Think about it. There are schools all over the world that offer the most highly regarded certifications in ESL teaching. One is located in Barcelona. It's a one month class, very intense. I am sorry, but I don't know the current cost. My daughter took it several years ago, and now teaches English, and does translations, in Italy.


----------



## Isla Verde (Oct 19, 2011)

mickisue1 said:


> I know that you're in love, and you want to be with your love to find out if it can work in the long run.
> 
> But sometimes you have to go backwards before you can go forward. Is it worth it to you to spend the time making sure that you'll be able to stay in MX if it does work, rather than having to head back to Ireland, because you don't meet the income requirements to stay?
> 
> Think about it. There are schools all over the world that offer the most highly regarded certifications in ESL teaching. One is located in Barcelona. It's a one month class, very intense. I am sorry, but I don't know the current cost. My daughter took it several years ago, and now teaches English, and does translations, in Italy.

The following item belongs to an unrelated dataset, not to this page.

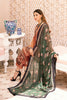 Ramsha Rangrez Luxury Lawn Collection Vol-2 – N-205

The OP doesn't need to go all the way to Barcelona to get excellent training in TEFL. There are many schools in the UK and in Ireland too!


----------



## TheQuietBeatle (Dec 16, 2012)

Isla Verde said:


> The OP doesn't need to go all the way to Barcelona to get excellent training in TEFL. There are many schools in the UK and in Ireland too!


I don't think a TEFL cert is possible at this stage. I do quality assurance work in a call centre in Ireland currently. Perhaps something like this would be possible in Mexico assuming they help me get a work visa. I wouldn't be afraid to jump on the phones either.


----------



## conklinwh (Dec 19, 2009)

TheQuietBeatle said:


> I don't think a TEFL cert is possible at this stage. I do quality assurance work in a call centre in Ireland currently. Perhaps something like this would be possible in Mexico assuming they help me get a work visa. I wouldn't be afraid to jump on the phones either.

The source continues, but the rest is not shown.